Data provided:
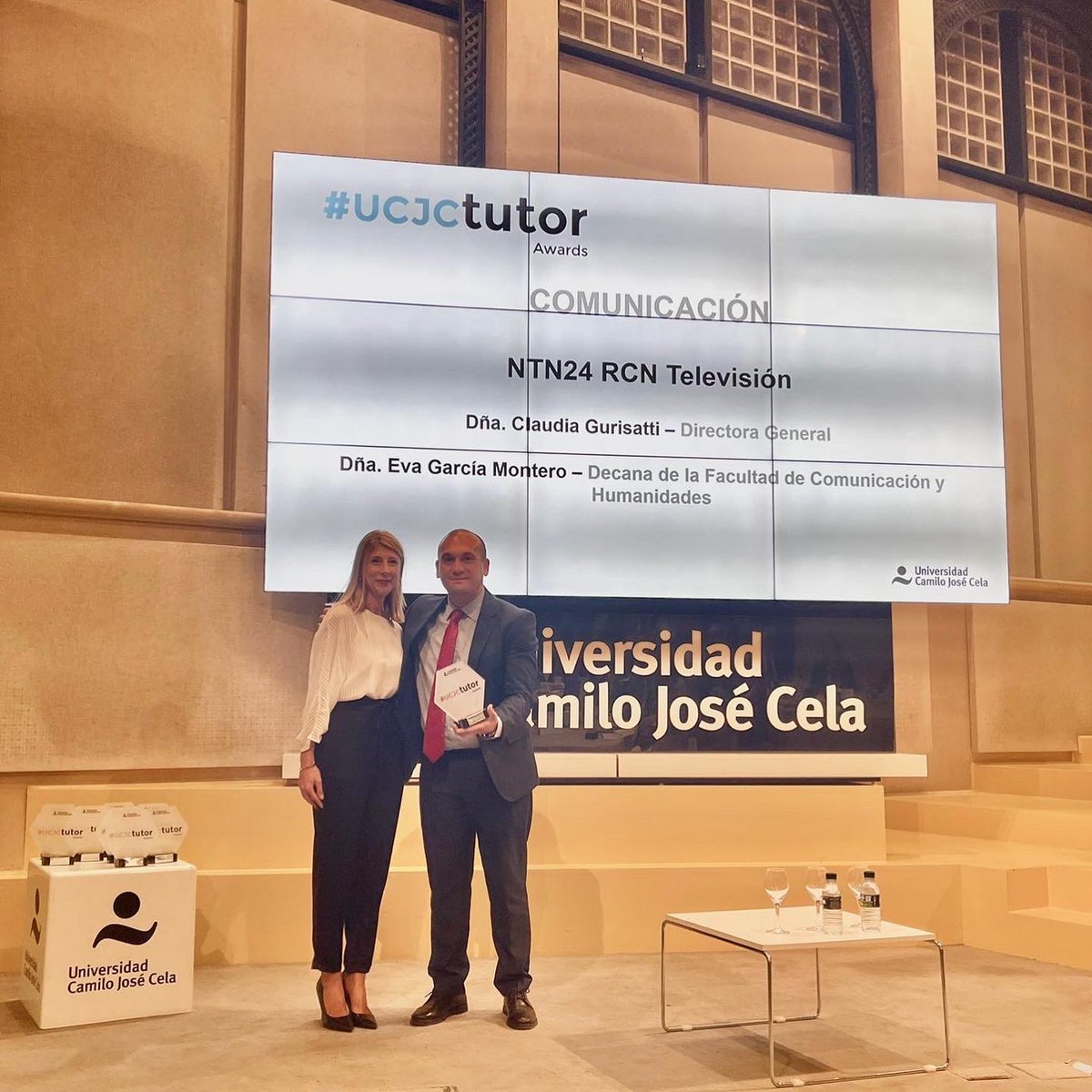 Alumnos_CAV's tweet photo. La @universidadcjc otorga el premio #tutorawards de Comunicación a @NTN24
por su compromiso formativo con los alumnos del Grado en #ComunicaciónAudiovisual y #NuevosMedios que han pasado por su sede de Washington, DC. Recoge el premio @AndresGilGomez, corresponsal de NTN24 🤩👏🏻 https://t.co/tEgWKaOY8f
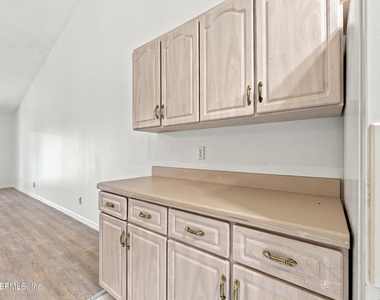 12 Emmons Lane - Photo Thumbnail 8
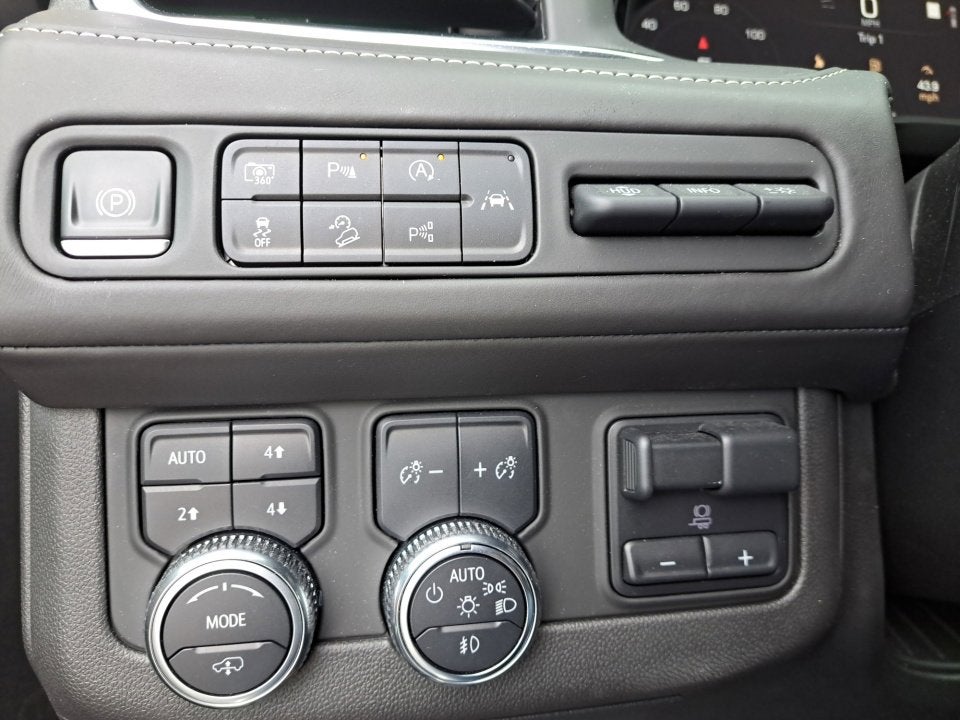 2023 GMC Yukon Denali Ultimate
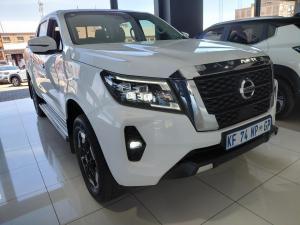 Nissan Navara 2.5DDTi double cab LE Plus - Image 18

The problem:
Set down every entry above exactly as written. Leave out all pictures.

Answer section:
 Alumnos_CAV's tweet photo. La @universidadcjc otorga el premio #tutorawards de Comunicación a @NTN24
por su compromiso formativo con los alumnos del Grado en #ComunicaciónAudiovisual y #NuevosMedios que han pasado por su sede de Washington, DC. Recoge el premio @AndresGilGomez, corresponsal de NTN24 🤩👏🏻 https://t.co/tEgWKaOY8f
 12 Emmons Lane - Photo Thumbnail 8
 2023 GMC Yukon Denali Ultimate
 Nissan Navara 2.5DDTi double cab LE Plus - Image 18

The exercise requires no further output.